President Trump’s appearance at CIA headquarters on Saturday, January 21, suggests that he was told he had to “correct” the impression that he was not pleased with the CIA (and he had every right not to be pleased). But, they didn’t script his remarks leaving him open to new criticism.

That puts into question upcoming meetings with the UK’s Prime Minister Theresa May, Canadian Prime Minister Justin Trudeau, Mexican President Enrique Peña Nieto, and a possible meeting with Russia’s Vladimir Putin.

A business meeting is different from diplomacy. Nations have permanent interests and the interest of corporations change frequently, are conditioned by markets and can be negotiated in personal meetings.

In principle, there is nothing personal about meetings between foreign leaders and none should be held until staff has resolved what is to be discussed, US policy has been formulated and conveyed to the other side.

The notion that a “personal” approach works in relations between nations is false.

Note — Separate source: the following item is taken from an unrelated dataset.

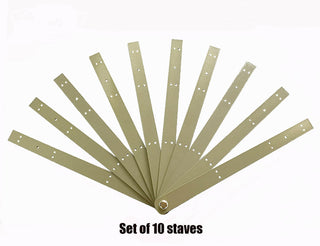 Single layer feather fan Metal aluminum staves Set of 10 & Hardware Kit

And any meeting with a national leader that unleashes a President with little knowledge of foreign relations into meetings where he doesn’t know what is to be said, nor how to reply, simply puts President Trump at risk to making major mistakes. After a couple of missteps, President Trump will learn, but seeking “personal” meetings this early in his tenure confuses good business methods with the practice of diplomacy. They are not the same and require different methods, if nations are to agree.